C’était plus que la voix de ma conscience pour révéler le bien et le mal. Je pouvais demander conseil à mon ange gardien parce qu’il savait tout. Avec un peu de résolution et de sang-froid, on triomphait des attaques les plus redoutables. J’ai ainsi appris à craindre la fournaise de l’enfer, où de faux amis auraient pu m’entraîner, une pente dangereuse vers des gouffres brûlants.
Je réponds par courtoisie ; ce danger d’il y a maintenant un demi-siècle ne doit plus nous faire peur.

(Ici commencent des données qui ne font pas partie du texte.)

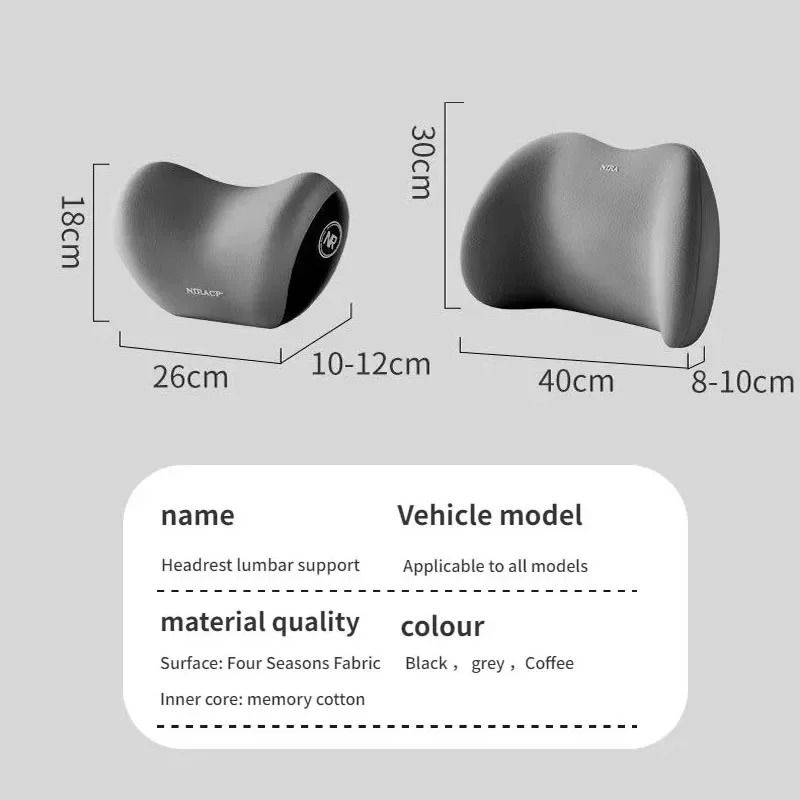 Memory Foam Neck and Lumbar Support Cushion for Car with Ergonomic Backrest and Headrest Comfort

Non, ne cherche pas, rien n’a changé, il n’y a pas de temps perdu. Il me prend à témoin. En grandissant j’ai cultivé le souvenir de cette présence, mon ange gardien est toujours un compagnon discret et secret.

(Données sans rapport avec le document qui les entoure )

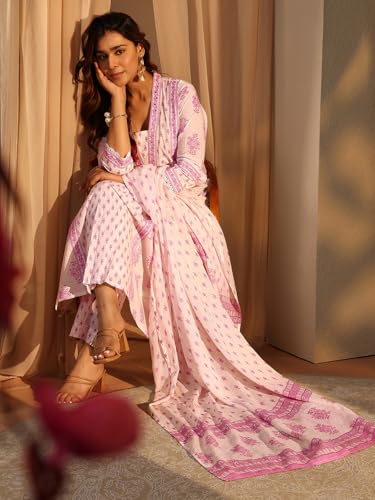 Image of Libas Printed Cotton A Line Kurta With Trouser and Dupatta | daily wear suit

Je ne l’ai jamais renié et j’ai compris sous quelle forme il m’entourait. Mon ange gardien n’était pas aussi invisible que nous l’avait expliqué le curé en classe de catéchisme. Il avait de l’amour et du dévouement, et c’était ma mère. Tous les enfants ont besoin des conseils de leur mère. Elles ont toujours un tempérament exquis de fermeté et de douceur qui est l’autorité sous la forme la plus persuasive et la plus irrésistible. C’est le secret des mères. C’est à une mère uniquement que l’on obéit pour faire plaisir et par plaisir. L’obéissance, qui répugne tant à notre nature orgueilleuse et déchue, devient une joie quand il s’agit d’une bonne mère. Le curé n’a-t-il pas dit dans son oraison funèbre ‘’thesaurizat ita et qui honorificat matrem, celui qui honore sa mère amasse un trésor ‘’ ?

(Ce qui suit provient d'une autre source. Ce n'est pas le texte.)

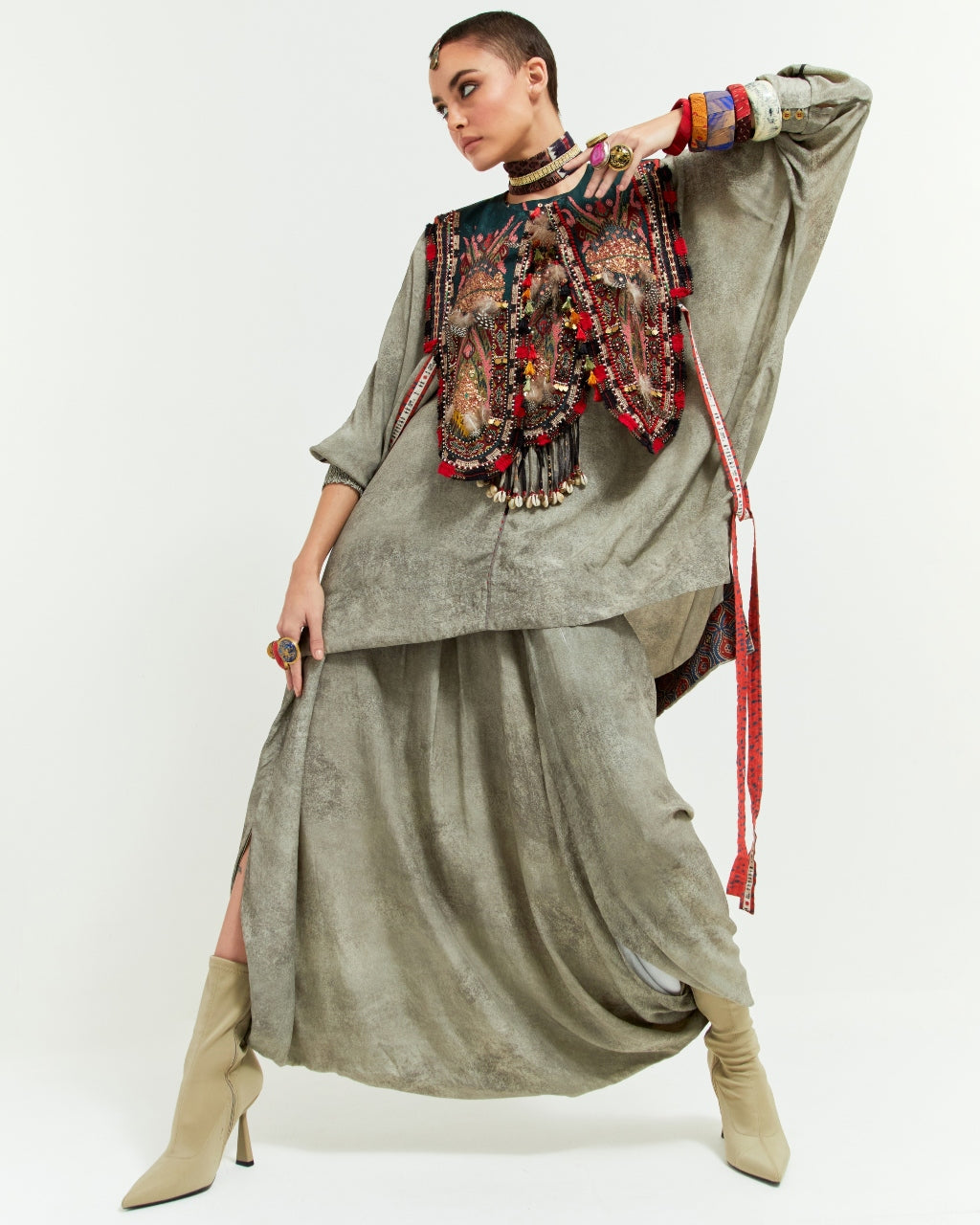 Ash Grey Kuru Trapeze Kurti Set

Il faut songer à ce qu’elle a souffert pour ses enfants. Ma mère a veillé sur mon berceau quand j’ai été malade, elle interrompait son sommeil pendant ma petite enfance, elle m’entourait de soins délicats en s’oubliant elle-même, elle sacrifiait ses joies les plus légitimes pour toujours être à son poste de soldat vigilant. ‘’ Ego dormio, et cor meum vigilat, je dors mais mon cœur veille ‘’.
Lorsque dans ma vie je suis face à des situations qui troublent mon intelligence, je fais appel à mon ange gardien, je me demande ce que penserait ma mère, qui me répondrait, ‘’ celui qui s’attache à des visées trompeuses veut saisir l’ombre et poursuivre le vent ‘’.
Les mères possèdent un privilège, les intuitions du cœur pour leurs enfants, comme des instincts de justice et de vérité. Combien de fois, adulte, j’aurais gagné à me refaire petit enfant pour retrouver sur les genoux de ma mère ce sens commun que ma conscience avait perdu.
Mon ange gardien est frappé d’un sûr instinct, d’une espèce de divination quand il s’agit de me juger. J’ai en lui une confiance absolue parce que son cœur est dépositaire de toutes mes incertitudes, de tous mes atermoiements, de tous mes chagrins, de tous mes repentirs.
Dans les moments de trouble et de lutte, une fâcheuse tristesse encombre souvent l’âme. Mon ange gardien répond aux foules de pensées vagues mal définies et peu approfondies qui m’envahissent dans ces heures de doute.
Ce fut le moment de sortir du cimetière. Deux anges parurent. Il pleuvait.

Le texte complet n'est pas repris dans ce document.